When the motorboat is traveling with the current, its effective speed is the sum of its speed in still water and the speed of the current. Therefore, the distance traveled with the current can be calculated as:

Distance with current = (Speed with current) × (Time with current)

Substituting the given values, we have:

Distance with current = (x + 2.5) × 4

Similarly, when the motorboat is traveling against the current, its effective speed is the difference between its speed in still water and the speed of the current. Therefore, the distance traveled against the current can be calculated as:

Distance against current = (Speed against current) × (Time against current)
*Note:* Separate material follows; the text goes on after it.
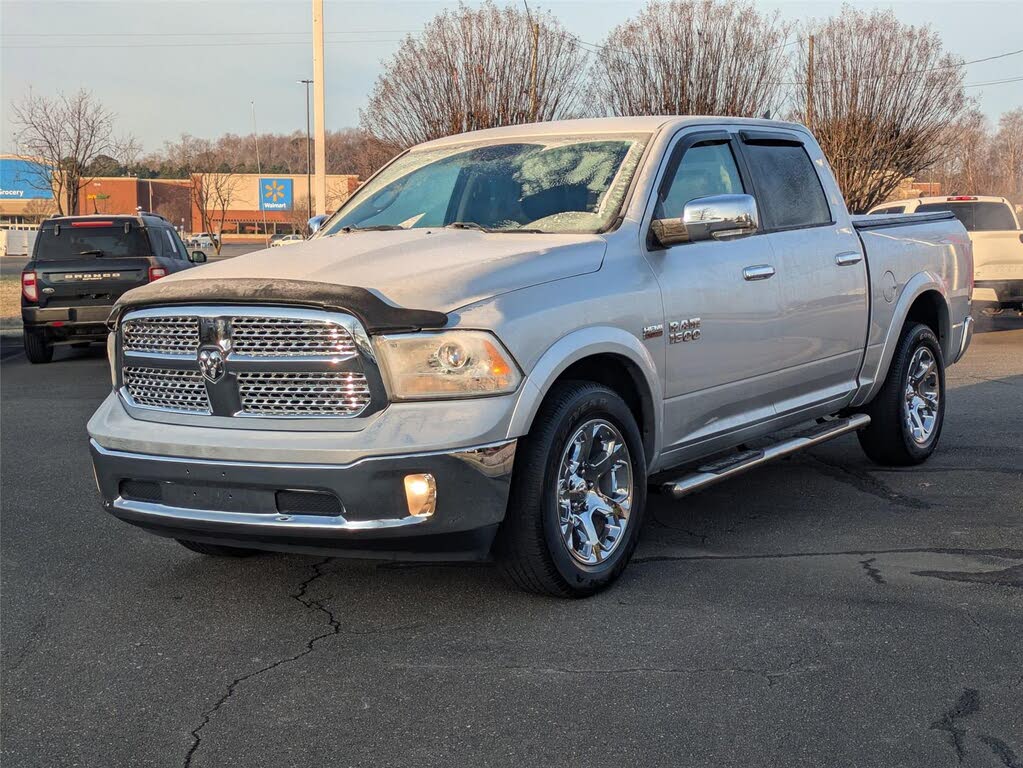 2017 RAM 1500 Laramie Crew Cab 4WD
Substituting the given values, we have:

Distance against current = (x - 2.5) × 3

We are also given that the distance traveled with the current is 27 km more than the distance traveled against the current. Mathematically, we can express this as:

Distance with current = Distance against current + 27

Substituting the previously calculated values, we have:

(x + 2.5) × 4 = (x - 2.5) × 3 + 27

Now, we can solve this equation to find the value of x, which represents the speed of the motorboat in still water.

Calculation

Let's solve the equation step by step:

(x + 2.5) × 4 = (x - 2.5) × 3 + 27

Expanding the equation:

4x + 10 = 3x - 7.5 + 27

Combining like terms:

4x - 3x = 27 - 7.5 - 10

Simplifying:

x = 9.5

Answer

The speed of the motorboat in still water is 9.5 km/h.

Explanation

When the motorboat is traveling with the current, its effective speed is the sum of its speed in still water and the speed of the current. Therefore, the distance traveled with the current is greater than the distance traveled against the current. In this case, the difference in distance is 27 km.

By solving the equation, we find that the speed of the motorboat in still water is 9.5 km/h. This means that when there is no current, the motorboat can travel at a speed of 9.5 km/h.